--- DATA FOR THE TASK Enclosed Below ---

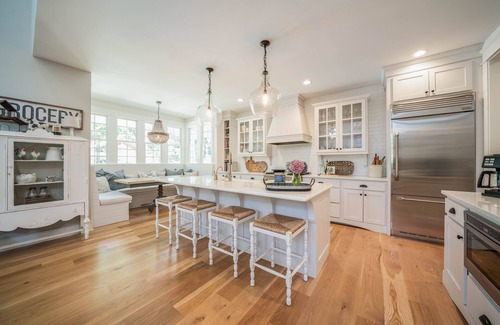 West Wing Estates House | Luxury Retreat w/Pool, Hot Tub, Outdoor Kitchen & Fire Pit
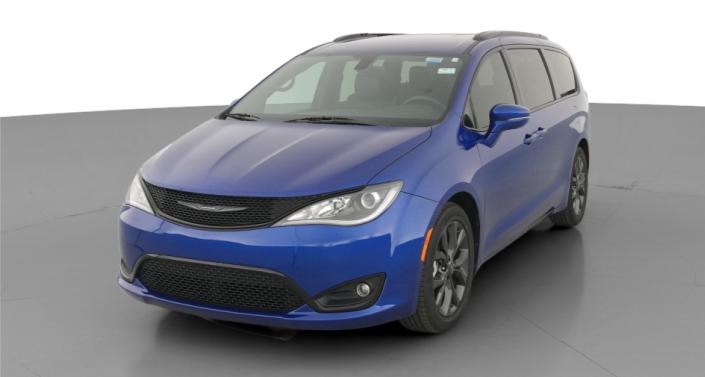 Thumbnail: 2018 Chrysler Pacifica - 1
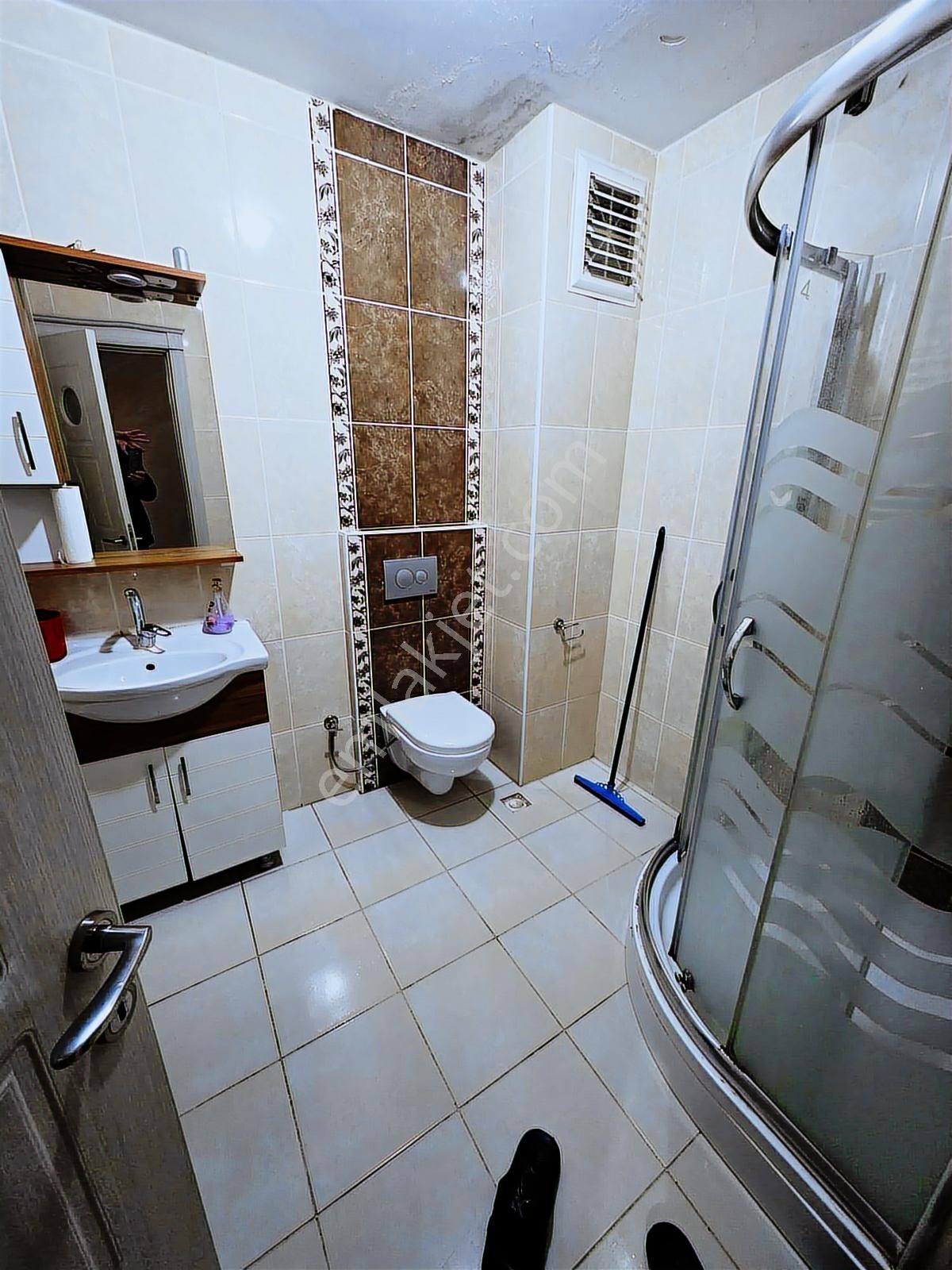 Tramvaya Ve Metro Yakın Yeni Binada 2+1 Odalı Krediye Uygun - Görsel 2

--- End of Enclosed DATA FOR THE TASK ---
--- DATA FOR THE TASK Enclosed Below ---

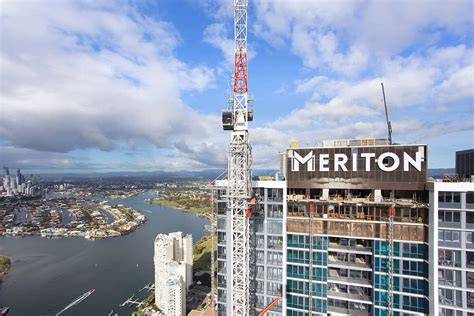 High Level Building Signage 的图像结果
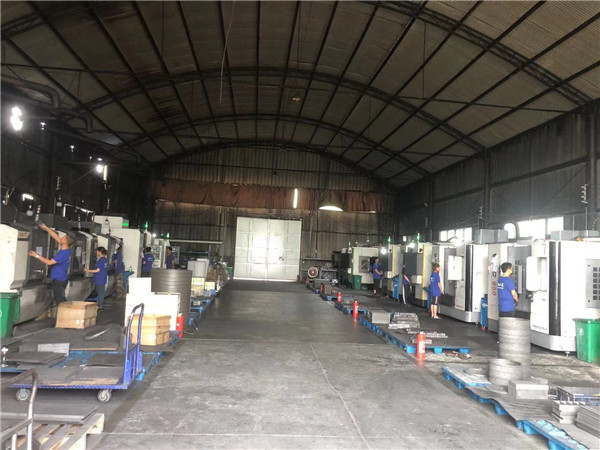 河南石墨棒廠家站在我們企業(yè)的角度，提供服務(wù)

--- End of Enclosed DATA FOR THE TASK ---
--- DATA FOR THE TASK Enclosed Below ---

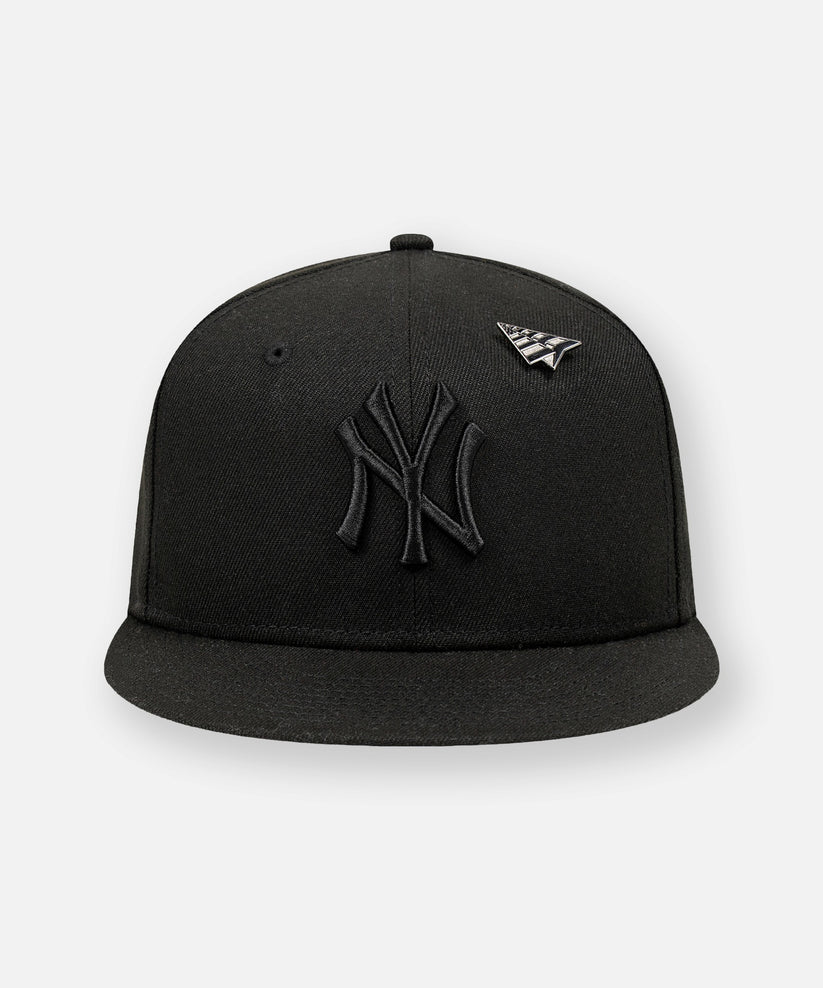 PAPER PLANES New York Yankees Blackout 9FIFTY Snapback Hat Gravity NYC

--- End of Enclosed DATA FOR THE TASK ---

# ABOUT THIS TASK
Repeat exactly the lines above, beginning at the one containing "West Wing Estates" and ending at the one containing "Tramvaya Ve Metro". Do not carry over any pictures.

# REPLY
 West Wing Estates House | Luxury Retreat w/Pool, Hot Tub, Outdoor Kitchen & Fire Pit
 Thumbnail: 2018 Chrysler Pacifica - 1
 Tramvaya Ve Metro Yakın Yeni Binada 2+1 Odalı Krediye Uygun - Görsel 2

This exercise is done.